[Short descriptive text snippets]
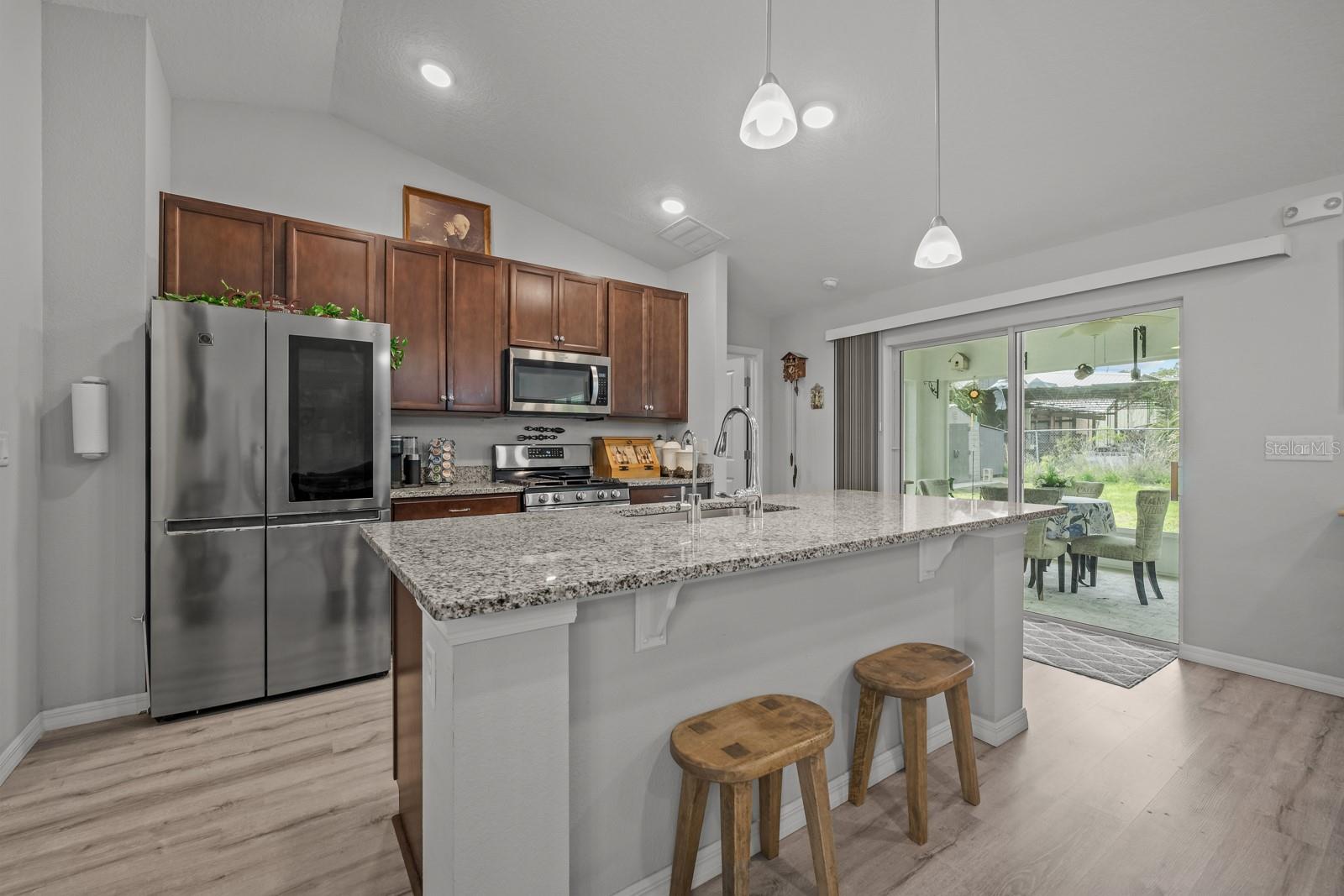 45 WOODFIELD DR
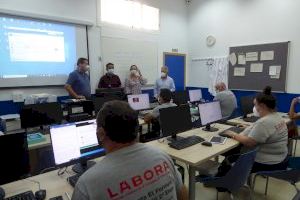 10 desempleados se forman en informática  en  “Et Formem La Favara III”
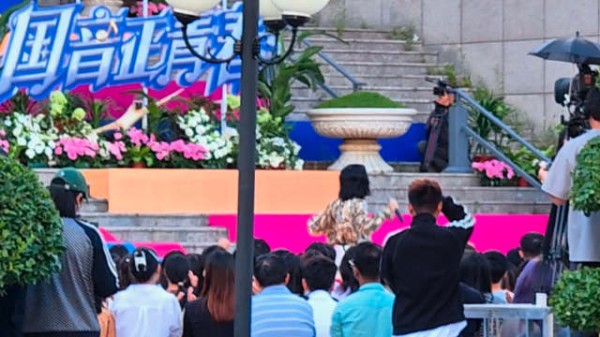 活泼之咪,手舞足蹈之咪,佛漏油哈之咪
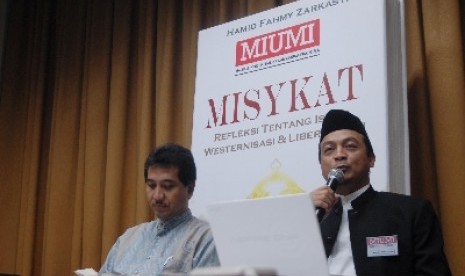 Ustadz Bachtiar Nasir (kanan) saat jumpa pers Grand Launching 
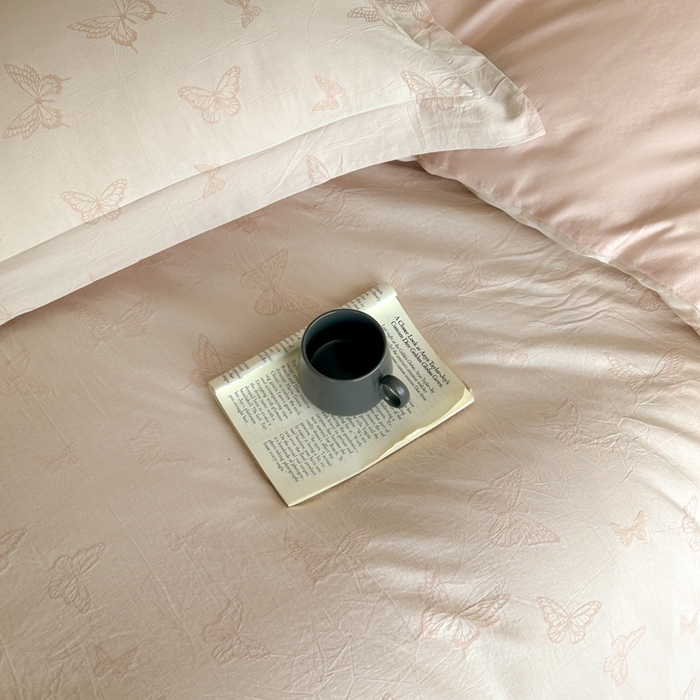 91家纺网 家纺一手货源 找家纺 禾时 2026春夏新品色织提花夏被夏凉被空调被四件套（配全棉纱布） 轻舞飞扬（粉）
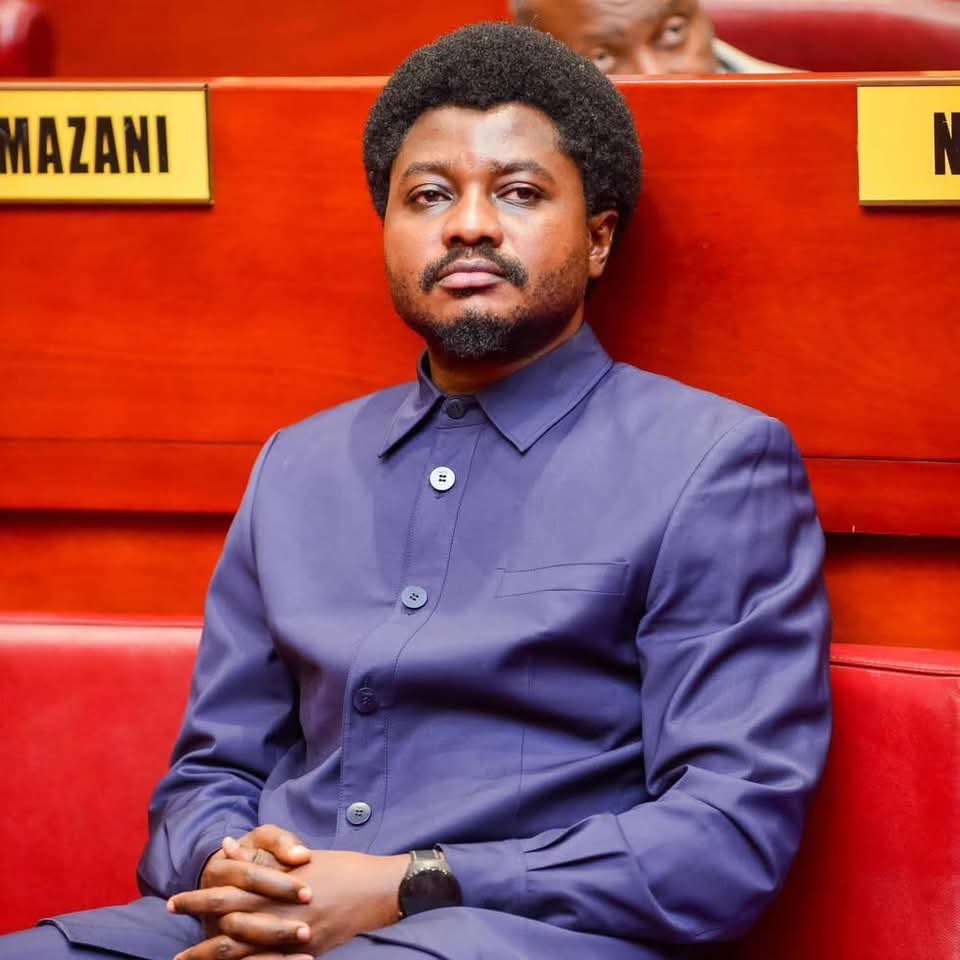 Josaphat mbiya 🇨🇩 (@josaphatmbiya) on Twitter photo Ce deuxième réquisitoire met clairement en évidence que le premier constitue un piège habilement orchestré par de les mafieux, y compris la Première ministre.
C'est de l'acharnement pur et simple.
Soutien indéfectible excellence <a href="/ConstantMutamba/">Constant Mutamba</a> Ce deuxième réquisitoire met clairement en évidence que le premier constitue un piège habilement orchestré par de les mafieux, y compris la Première ministre.
C'est de l'acharnement pur et simple.
Soutien indéfectible excellence <a href="/ConstantMutamba/">Constant Mutamba</a>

▶ _What to do_: The output is the data above, repeated exactly, with pictures omitted.

▶ _Exercise response_:
 45 WOODFIELD DR
 10 desempleados se forman en informática  en  “Et Formem La Favara III”
 活泼之咪,手舞足蹈之咪,佛漏油哈之咪
 Ustadz Bachtiar Nasir (kanan) saat jumpa pers Grand Launching 
 91家纺网 家纺一手货源 找家纺 禾时 2026春夏新品色织提花夏被夏凉被空调被四件套（配全棉纱布） 轻舞飞扬（粉）
 Josaphat mbiya 🇨🇩 (@josaphatmbiya) on Twitter photo Ce deuxième réquisitoire met clairement en évidence que le premier constitue un piège habilement orchestré par de les mafieux, y compris la Première ministre.
C'est de l'acharnement pur et simple.
Soutien indéfectible excellence <a href="/ConstantMutamba/">Constant Mutamba</a> Ce deuxième réquisitoire met clairement en évidence que le premier constitue un piège habilement orchestré par de les mafieux, y compris la Première ministre.
C'est de l'acharnement pur et simple.
Soutien indéfectible excellence <a href="/ConstantMutamba/">Constant Mutamba</a>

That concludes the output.